Le monde est un livre d’histoire dont je feuillette les pages à chacun de mes voyages.
Lorsqu’à la fin des années soixante-dix, j’atterris pour la première fois à Bangkok, je découvris, étonnée et admirative, le portrait du roi répété à l’infini : sur les arcades des ponts enjambant les routes, sur les façades des immeubles, à l’intérieur des taxis et dans chaque restaurant et habitation. Comme j’en faisais la remarque à mon chauffeur, il me répondit : « Si vous ouvrez mon cœur, vous y trouverez aussi l’image du roi ».
Cet amour filial de tout un peuple pour son souverain m’avait éblouie et même rendue un peu envieuse. Nous, en France, nous avions Giscard d’Estaing.
Amour filial dans un pays de conte de fées ?

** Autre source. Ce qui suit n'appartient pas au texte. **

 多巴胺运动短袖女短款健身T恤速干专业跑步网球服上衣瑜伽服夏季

Plus tard, et après de multiples séjours en Thaïlande, je continuai de feuilleter ce sublime album photos. Et à l’histoire se mêlèrent les histoires. Puis arrivèrent les questions : amour inné, amour réciproque ou amour imposé et si oui, à quel prix ?
La Thaïlande, dictature ou démocratie ?
Dans l’un de ses récents discours, le général Prayuth Chan Ocha, chef du gouvernement depuis le coup d’État militaire de mai 2014, déclarait : « La Thaïlande est une démocratie à 99,99 % ». Pour Prajak Kongkirati, de l’université Thammasat, « la junte se sert des institutions démocratiques dans le but d’étendre et de consolider son propre pouvoir. La démocratie n’est qu’un prétexte ». Pour Jaran Ditapichai, avocat, ex chef des « Chemises Rouges » * et exilé politique en France : « La Thaïlande est une « démocrature » dirigée par une junte militaire ».
Remontons le temps :
En 1935, le roi Prajadhipok (Rama VII) abdique et désigne son neveu Ananda (Rama VIII) comme successeur. Après quelques mois de règne, Ananda est mystérieusement assassiné. Bumiphon, son jeune frère, lui succède en 1946. Il sera couronné en 1950, sous le nom de Rama IX.

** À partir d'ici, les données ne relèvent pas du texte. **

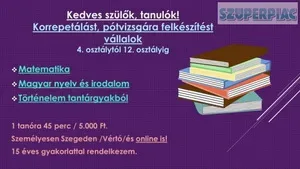 Matematika,  magyar és történelem korrepetálás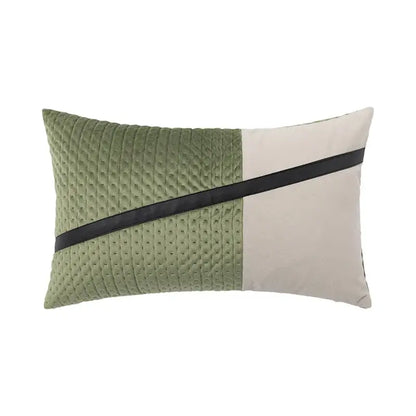 Olive green and cream quilted rectangular cushion cover with black satin stripe by decorbites luxe gray for modern home decor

C’est un jeune roi éduqué en Suisse qui se trouve tout à coup propulsé à la tête du royaume, un amateur d’armes à feu, de voitures de sport (il perd un œil au cours d’un accident de voiture en Suisse), passionné de jazz et de photographies. Son ascension médiatique débute sous la tutelle américaine dans une période tourmentée par la montée du communisme et en plein conflit vietnamien. **
« La monarchie bouddhiste, maîtresse du grand spectacle, s’érige alors en rempart contre un communisme – réel ou imaginaire – avec le roi à sa tête, une « magie royale » soutenue par les dollars américains et les milliards de bahts accumulés par le « Crown Property Bureau, et le soutien de l’armée », écrit Christine Gray, anthropologue, pour le journal « New Mandala ». « Des relations qui, entre Bumiphol et l’armée, resteront étroites jusqu’à la fin de son règne ». (Mitsahai Thannueng)
« The king never smiles » *** – le roi qui ne sourit jamais – meurt le 13 octobre 2016, après soixante-dix-ans de règne. Son unique fils, le prince Maha Vajiralongkorn, lui succède. Il sera couronné, après une année de deuil national, en octobre 2017, sous le nom de Rama X.

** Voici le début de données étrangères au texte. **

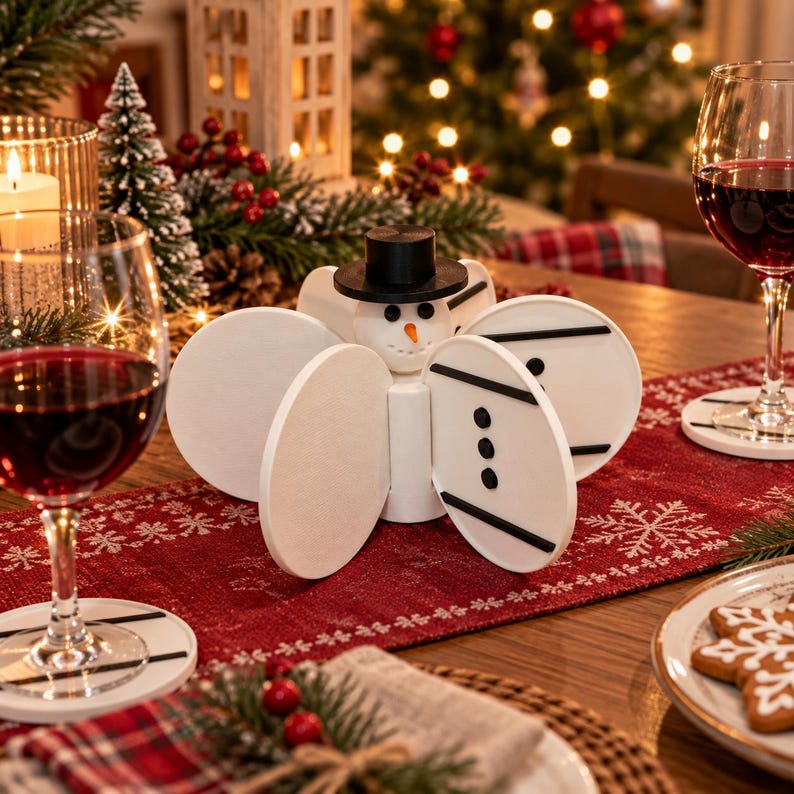 May include: A white snowman-shaped coaster holder with a black top hat, orange carrot nose, and black button details. The holder features four circular slots for storing white coasters, each decorated with two horizontal black lines and three black dots.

Durant tout son règne, Bumiphol est considéré comme un symbole d’unité, celui qui empêche le pays de sombrer dans l’anarchie. Les Thaïs le respectent comme un père et lui vouent un véritable culte de la personnalité. Toute critique à son encontre (ou de sa famille ou même de son chien Thongdaeng) est un crime de lèse-majesté (article 112), menant en prison pour de nombreuses années.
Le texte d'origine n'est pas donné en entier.